WASHINGTON (Reuters) - U.S. power plants can comply with new environmental rules without disrupting the supply of electricity if providers and local authorities have time to plan for the changes, energy regulators told congressional Republicans seeking to unwind the rules.
“I believe this nation can retire a significant amount of existing generation,” said Philip Moeller, a Republican member of the Federal Energy Regulatory Commission (FERC).
“The key questions are which plants are going to be retired, where are they, and what is a manageable time frame.”
Republicans in Congress have vowed to block many of the Environmental Protection Agency’s new rules -- which include restricting air pollution across state lines and limiting many pollutants. They say the rules would raise electricity costs and stifle job creation.
Wednesday’s meeting was called by the Republican-controlled House of Representatives’ Subcommittee on Energy and Power to consider a range of reports, including one by FERC staff, that estimate the EPA’s rules could reduce the generation of energy by as much as 80 gigawatts.
“We will go beyond the question of how much it will cost to turn on the lights and address...whether we can depend on the lights to go on at all,” said committee Chairman Ed Whitfield in prepared remarks. “We need much better answers to these reliability concerns than we have gotten thus far.”

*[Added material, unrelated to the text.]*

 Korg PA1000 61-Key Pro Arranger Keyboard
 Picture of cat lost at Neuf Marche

FERC commissioners said many of the studies were done before the EPA finalized its rules. State and local assessments will provide a clearer picture of the regulations’ likely impact, FERC chairman Jon Wellinghoff said.

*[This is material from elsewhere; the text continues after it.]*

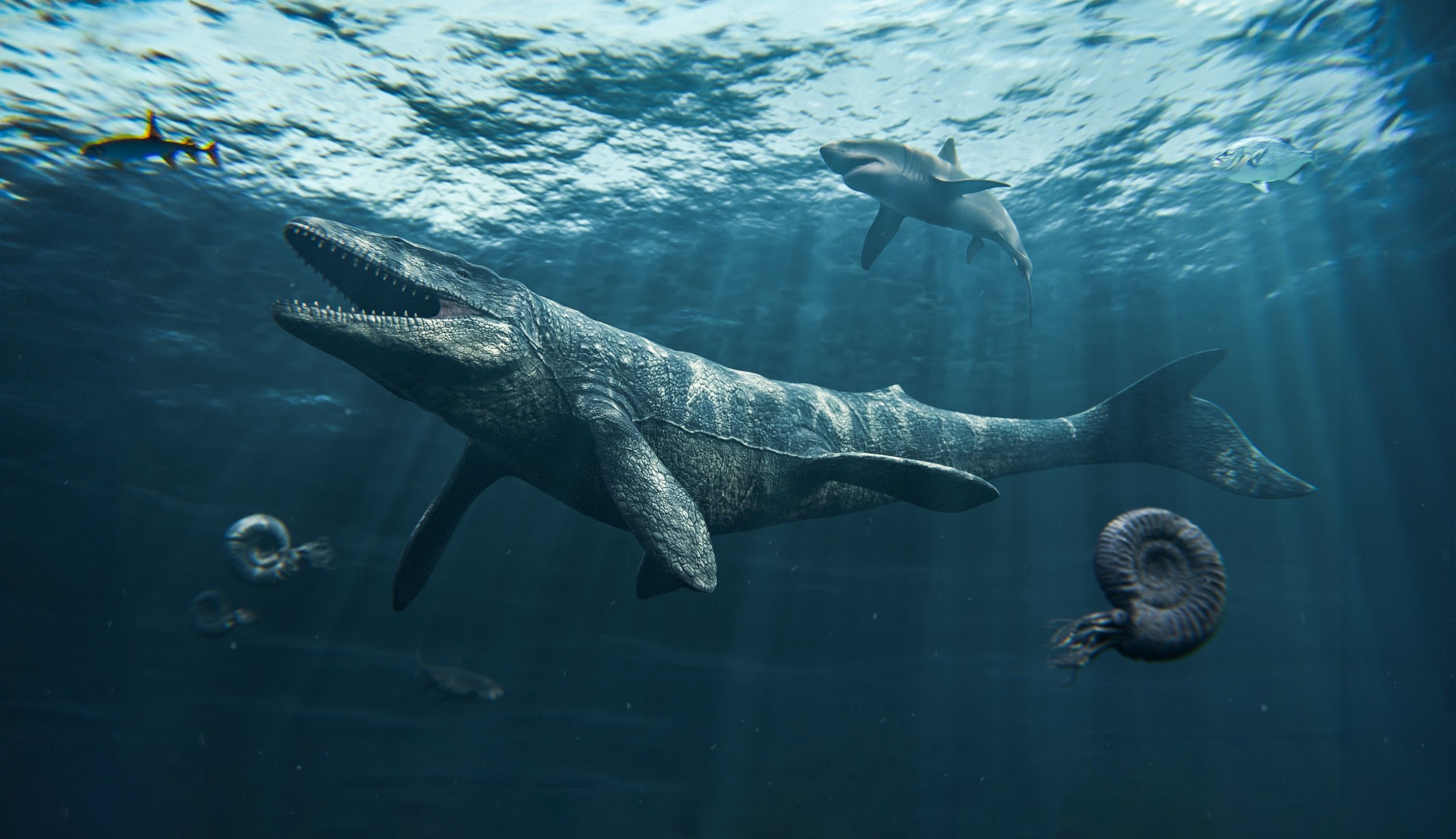 Mosasaurus Mosasaur Low-poly 3D model_2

Commissioners urged flexibility in compliance for smaller plants or those in locations that would be disproportionately affected by a power plant closing.
“Smaller plants are typically older and dirtier, but there are advantages in the system to smaller plants,” Moeller said. “They ramp up and down faster, might be in locations where voltage support is key.”
Democratic lawmakers on the committee sought to portray their Republican counterparts as sacrificing the health of Americans to generate energy. Ed Markey, one of the authors of failed climate change legislation two years ago, called it the “tension here between air quality and air conditioning.”